Menace of climate deterioration is growing by the hour;what is lacking , however,is the commensurate effort to mitigate the adverse effect. — KK Srivastava

 

Chile has decided to draft a new constitution for the country due to climate and ecological emergency. It will decide questions such as how should mining be regulated and what voice should local communities have over mining? Should nature have rights? How about future generations? The whole globe is faced with these dilemmas as it is trying to take the climate challenge head on. As a nation, Chile is raising an important poser.

Since human activity inevitably causes damage, how much damage do we want to cause? Just enough to live well. In the past Chile prospered by exploiting its natural riches. But this led to considerable environmental damage. Inequalities grew up manifold. Consequently, anger boiled over into huge protests starting in 2019. Hence the attempt for repairs.

What is needed is climate innovations which will ensure transition to a low carbon future. Direct attack on pollution, energy efficiency, clean mobility and many more solutions offer immediate and practical solutions to adverse climate change. Mahindra Group has developed guidebooks and toolkits to focus on developing science based solutions for India’s construction industry. More than 150 materials have been identified that can provide thermal insulation, reduce energy consumption, and improve user comfort and wellbeing. The WWF is offering solutions to mitigate global emissions and meeting environmental challenges relating to energy efficiency, local environmental challenges, mobility, pollution, etc. In short technologies that can transform the world into being more environment friendly. Thus, for India EV battery charging, solar drying and space heating, reduction in horticulture wastage through efficient storage, and thermal energy storage for cold chains are being suggested.
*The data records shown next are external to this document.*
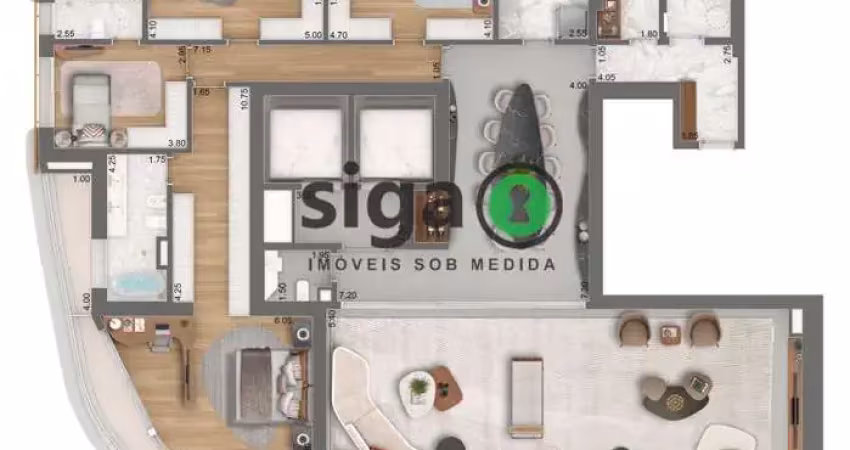 Apartamento de luxo no jardim europa com vista infinita ? 339m² e 4 suítes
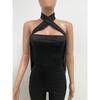 Women's Summer Strapless Backless Slim Cross Strap Jumpsuit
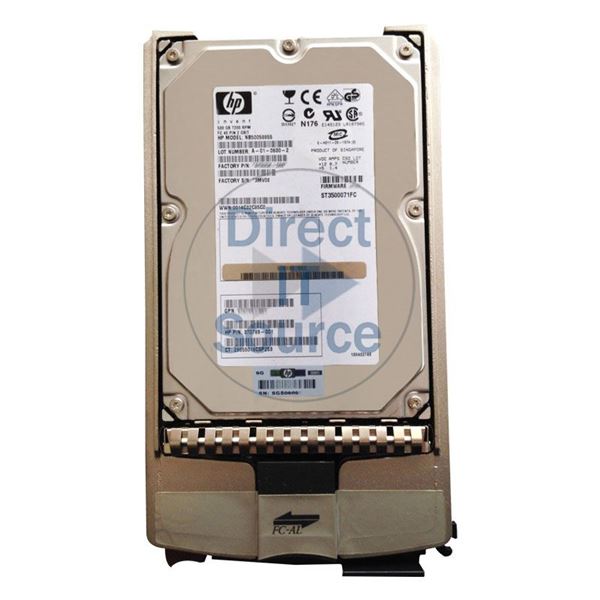 HP 370789-001 - 500GB 7.2K Fibre Channel 3.5" Hard Drive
There are many such attempts at institutional and corporate levels. But are these enough?

Initial issue of global warming has led to full blown climate crisis, caused by a combination of rising temperatures, rising sea levels, intensifying and volatile weather events, erratic rainfall, depleting natural resources, and unbearable pollution. A rise of 2 degrees in temperature would certainly make the world unlivable. So the hypothetical idea of net zero emissions is being bandied about. In it the amount of greenhouse gases produced would equal the amount eliminated from our atmosphere using natural and artificial carbon sinks. If indeed we are able to contain temperature rise to less than 1.5 degrees (compared with the one prevailing in 1850, the pre industrial levels) on one hand and ensure net zero emissions on other, then perhaps we may be able to contain the human damage caused to the environment. By 2040-45 if we fail to hit net zero emissions, the climate crisis will blow over to being unbearable. 
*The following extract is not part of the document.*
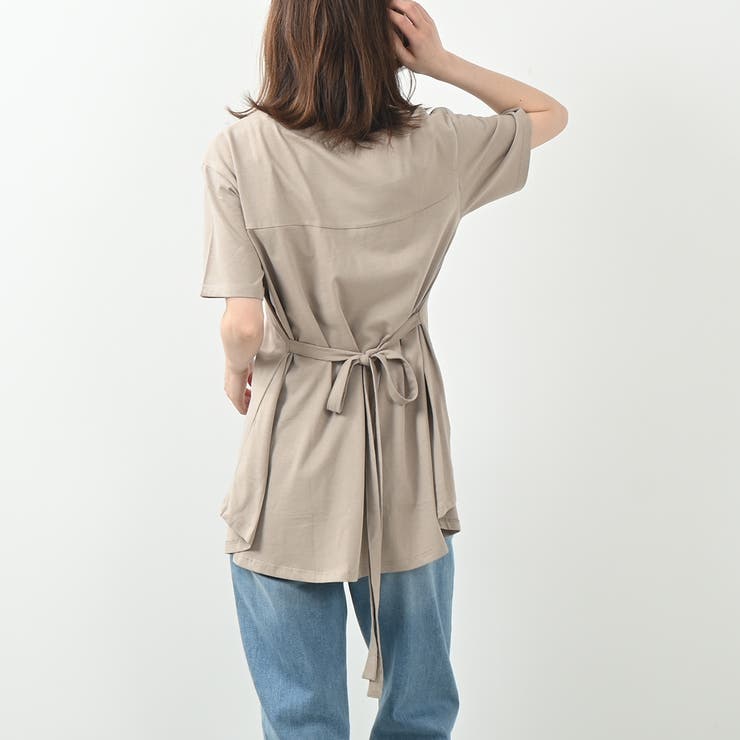 バックフレアーカットソー コットン100 チュニック フェミニン リボン | Maria Trinity | 詳細画像15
Every small bit can help. Try to eat local as much as possible, if not always. If you can’t become vegan, reduce consumption of animal based products, resolve to use less plastic. If we set realistic goals, transition is easy and permanent. Gradually turn green eat organic. On a macro level we should support and nurture circular economy, not a linear one. Thus the global economy should put systems in place for products and materials to be shared, repaired, refurbished, recycled. Fewer virgin materials thus, will be extracted, there will be less wastage in production processes, our landfills will not overflow, rivers and seas will not stink …. Circular economy needs to be scaled up. But most importantly, in order that the idea is adopted by the producing units, it should generate profit. Currently what may be happening may be opposite. Thus in India the average farm size (at less than 1 hectare) has been constantly reducing due to piling up of number of farmers. The farm land is becoming more fragmented and climate more unpredictable. Naturally forest land is being converted into farmland. Sustainable farming is a big casualty overall. Similarly, India is the world’s second largest consumer of coal. Fossil fuel is the source of half of country’s electricity. And there seem to be little -  indeed none – chances of shifting to renewable energy in a big way. Our per capital generation of solid waste is a small fraction of the global average, but due to sheer numbers (135 billion inhabitants) we generate the highest volumes of solid waste in the world. We, like others, are a capitalist society where consumption fuels growth, so nobody wishes to slow it down. But in order to save the planet we need to indulge in mindful, responsible consumption.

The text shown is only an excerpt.